In pratica, posto che la diffusione terrestre, satellitare e via cavo è già soggetta ad autorizzazione, anche tutto il resto dell'audiovisivo rientra nello stesso regime, in particolare l'internet. E non solo per le attività di operatore o fornitore di servizi di rete, anche queste già soggette ad autorizzazione, ma per la fornitura di contenuti, cioè i "servizi di media". L'autorizzazione significa costi e burocrazia, oneri ingiustificati per attività che fino a ieri erano libere, come nel resto del mondo libero.

E' vero che, dopo una difficile battaglia, sono state introdotte alcune eccezioni, allargando il più possibile le maglie del nefasto decreto. Alla fine dei conti sono sottoposti al regime dell'autorizzazione solo i servizi resi "sotto la responsabilità editoriale di un fornitore di servizi di media il cui obiettivo principale è la fornitura di programmi al fine di informare, intrattenere o istruire il grande pubblico, attraverso reti di comunicazioni elettroniche, in concorrenza con la radiodiffusione televisiva, e i cui ricavi annui derivanti da pubblicità, televendite, sponsorizzazioni, contratti e convenzioni con soggetti pubblici e privati, provvidenze pubbliche e da offerte televisive a pagamento, sono superiori a centomila euro".

Qui emergono i due punti critici della legge: l'intenzione di colpire tutto ciò che può fare concorrenza alla televisione e la difficoltà di applicare norme nazionali a un contesto senza confini. Un solo esempio: YouTube, che sembra rientrare tra i soggetti sottoposti ad autorizzazione, non ha sede in Italia e non può essere soggetto alla normativa italiana. Oscuriamo YouTube?

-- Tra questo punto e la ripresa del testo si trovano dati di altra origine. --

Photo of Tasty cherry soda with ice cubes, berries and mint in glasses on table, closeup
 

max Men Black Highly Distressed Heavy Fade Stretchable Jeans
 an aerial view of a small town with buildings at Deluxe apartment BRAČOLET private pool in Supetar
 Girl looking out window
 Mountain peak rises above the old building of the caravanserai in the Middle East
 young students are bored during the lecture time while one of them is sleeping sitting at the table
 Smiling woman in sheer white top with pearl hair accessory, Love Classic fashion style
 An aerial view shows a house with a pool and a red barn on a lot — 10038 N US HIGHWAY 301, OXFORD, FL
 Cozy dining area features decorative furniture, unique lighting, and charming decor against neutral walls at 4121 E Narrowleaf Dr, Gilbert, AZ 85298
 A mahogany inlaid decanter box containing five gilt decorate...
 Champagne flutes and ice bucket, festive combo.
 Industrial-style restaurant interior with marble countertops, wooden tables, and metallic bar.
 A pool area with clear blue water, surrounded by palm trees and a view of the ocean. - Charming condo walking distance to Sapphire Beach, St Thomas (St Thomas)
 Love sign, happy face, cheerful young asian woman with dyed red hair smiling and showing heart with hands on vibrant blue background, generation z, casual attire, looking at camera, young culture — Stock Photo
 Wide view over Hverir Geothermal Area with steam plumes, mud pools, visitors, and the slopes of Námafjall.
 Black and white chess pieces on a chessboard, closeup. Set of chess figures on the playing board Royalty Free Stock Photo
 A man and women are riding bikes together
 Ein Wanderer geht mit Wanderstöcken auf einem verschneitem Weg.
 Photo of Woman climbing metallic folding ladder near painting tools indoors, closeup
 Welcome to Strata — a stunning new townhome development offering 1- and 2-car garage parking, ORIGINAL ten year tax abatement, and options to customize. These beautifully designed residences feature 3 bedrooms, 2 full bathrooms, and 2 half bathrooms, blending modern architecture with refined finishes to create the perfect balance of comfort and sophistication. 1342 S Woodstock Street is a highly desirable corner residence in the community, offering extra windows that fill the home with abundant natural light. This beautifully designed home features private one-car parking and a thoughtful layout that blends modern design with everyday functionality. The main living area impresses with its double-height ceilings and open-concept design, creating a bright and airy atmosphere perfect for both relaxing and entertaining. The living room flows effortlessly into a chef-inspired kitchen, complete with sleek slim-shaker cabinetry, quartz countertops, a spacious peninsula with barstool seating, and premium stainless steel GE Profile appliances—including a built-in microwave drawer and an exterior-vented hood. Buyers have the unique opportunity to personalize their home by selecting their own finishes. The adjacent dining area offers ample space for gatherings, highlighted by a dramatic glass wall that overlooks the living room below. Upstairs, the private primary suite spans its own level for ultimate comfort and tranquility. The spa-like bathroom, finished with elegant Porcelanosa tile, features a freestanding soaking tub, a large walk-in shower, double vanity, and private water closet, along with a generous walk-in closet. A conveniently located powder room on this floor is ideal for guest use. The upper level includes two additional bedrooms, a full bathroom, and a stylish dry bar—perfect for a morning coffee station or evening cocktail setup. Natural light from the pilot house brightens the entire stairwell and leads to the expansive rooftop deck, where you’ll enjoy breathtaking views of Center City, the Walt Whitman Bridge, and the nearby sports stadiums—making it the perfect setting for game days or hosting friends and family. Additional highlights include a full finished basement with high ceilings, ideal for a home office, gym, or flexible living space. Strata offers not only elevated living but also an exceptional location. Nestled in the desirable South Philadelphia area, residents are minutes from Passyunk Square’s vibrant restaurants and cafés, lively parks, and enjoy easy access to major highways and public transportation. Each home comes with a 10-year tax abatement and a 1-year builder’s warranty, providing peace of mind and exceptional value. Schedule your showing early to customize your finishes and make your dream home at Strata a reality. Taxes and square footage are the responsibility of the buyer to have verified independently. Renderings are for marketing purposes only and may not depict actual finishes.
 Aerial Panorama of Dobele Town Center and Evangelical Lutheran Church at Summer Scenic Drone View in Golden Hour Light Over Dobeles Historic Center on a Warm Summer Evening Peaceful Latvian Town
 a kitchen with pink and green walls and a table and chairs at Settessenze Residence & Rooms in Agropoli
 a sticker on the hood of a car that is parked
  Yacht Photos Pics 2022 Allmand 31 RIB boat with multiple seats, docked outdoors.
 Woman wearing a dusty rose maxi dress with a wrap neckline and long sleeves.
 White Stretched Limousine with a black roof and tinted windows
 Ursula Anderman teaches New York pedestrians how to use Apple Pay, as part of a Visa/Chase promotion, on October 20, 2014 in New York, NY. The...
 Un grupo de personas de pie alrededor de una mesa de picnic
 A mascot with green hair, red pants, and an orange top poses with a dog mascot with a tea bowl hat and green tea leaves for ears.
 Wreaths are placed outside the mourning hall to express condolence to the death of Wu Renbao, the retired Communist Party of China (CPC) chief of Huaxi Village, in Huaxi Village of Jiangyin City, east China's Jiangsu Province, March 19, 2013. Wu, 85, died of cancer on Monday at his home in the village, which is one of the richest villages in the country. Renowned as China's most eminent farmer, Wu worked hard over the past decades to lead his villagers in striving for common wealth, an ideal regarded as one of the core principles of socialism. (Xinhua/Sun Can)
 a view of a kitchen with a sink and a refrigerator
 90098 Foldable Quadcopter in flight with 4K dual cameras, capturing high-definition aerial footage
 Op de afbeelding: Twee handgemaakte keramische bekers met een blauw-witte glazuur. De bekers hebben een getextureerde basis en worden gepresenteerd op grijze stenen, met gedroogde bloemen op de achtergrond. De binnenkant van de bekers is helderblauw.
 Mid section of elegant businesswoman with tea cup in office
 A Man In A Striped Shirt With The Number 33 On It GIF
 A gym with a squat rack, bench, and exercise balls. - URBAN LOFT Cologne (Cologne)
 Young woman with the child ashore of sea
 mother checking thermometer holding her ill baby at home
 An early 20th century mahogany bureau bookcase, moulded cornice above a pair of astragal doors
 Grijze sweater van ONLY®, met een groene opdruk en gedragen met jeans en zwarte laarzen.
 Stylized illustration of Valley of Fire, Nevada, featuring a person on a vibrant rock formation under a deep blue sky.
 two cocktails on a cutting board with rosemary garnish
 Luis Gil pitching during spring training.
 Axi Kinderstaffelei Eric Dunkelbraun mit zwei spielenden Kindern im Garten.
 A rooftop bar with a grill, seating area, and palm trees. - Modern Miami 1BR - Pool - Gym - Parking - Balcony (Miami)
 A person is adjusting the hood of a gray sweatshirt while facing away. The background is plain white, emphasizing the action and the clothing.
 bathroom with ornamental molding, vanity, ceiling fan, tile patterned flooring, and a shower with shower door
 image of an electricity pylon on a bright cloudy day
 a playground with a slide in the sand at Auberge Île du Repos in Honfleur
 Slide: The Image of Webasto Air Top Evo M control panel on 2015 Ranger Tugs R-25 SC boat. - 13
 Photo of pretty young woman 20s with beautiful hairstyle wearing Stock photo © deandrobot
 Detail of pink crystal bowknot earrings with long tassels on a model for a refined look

Lo stesso discorso vale per il secondo regolamento, allegato alla delibera 607, che riguarda i fornitori di servizi audiovisivi a richiesta, come sono molte TV o radio sul Web. Basta leggere le lunghe premesse ai due provvedimenti per vedere come tra i soggetti consultati dall'AGCOM fossero molte le perplessità e le richieste di modifiche nella fase preparatoria dei regolamenti. Ma è un riassunto per difetto: manca infatti la premessa fondamentale della sostanziale "perversione" delle norme di rango legislativo. Il regime delle autorizzazioni è giustificato nei casi in cui ci siano limiti nelle risorse disponibili (come le frequenze radio) o si pongano seri problemi di mercato.

Ma quando si parla dell'internet questi limiti non esistono. Essi sono posti solo da regimi autoritari (e non a caso sono stati fatti accostamenti con la situazione in Cina). I confini, negli stati democratici, possono essere solo quelli posti dalla legge penale, oltre che dall'ordinamento civilistico che tutela i legittimi interessi dei singoli.

L'espressione chiave, nei due provvedimenti, è questa: "in concorrenza con la radiodiffusione televisiva". Ed è la sola ragione di queste norme. In Italia non si può fare concorrenza alla televisione, quasi tutta di proprietà o comunque controllata da una sola persona, il Presidente del consiglio dei ministri.

Gli interessi di uno solo, signore  e padrone delle televisioni, determinano l'assetto dell'intero sistema. Quando ho scritto, a conclusione de L'anomalia, che "L'Italia è una repubblica fondata sulla televisione" intendevo anche questo: gli "interessi della televisione" sono così forti che devono essere protetti da qualsiasi concorrenza. Oggi l'internet incomincia a insidiare il predominio mediatico della TV e la risposta è pronta, con l'arma della burocrazia e dei balzelli.

Ecco perché c'è poco da stare allegri nel constatare che i regolamenti dell'AGCOM sono meno pesanti di quanto si fosse temuto. Da qualsiasi punto di vista si osservi la situazione, non c'è dubbio che ora l'internet in Italia è meno libera. Con tutte le conseguenze del caso, a cominciare dalla prevedibile migrazione di siti italiani verso più ospitali strutture all'estero. Per quelli che se lo possono permettere. Per altri la prospettiva è il silenzio.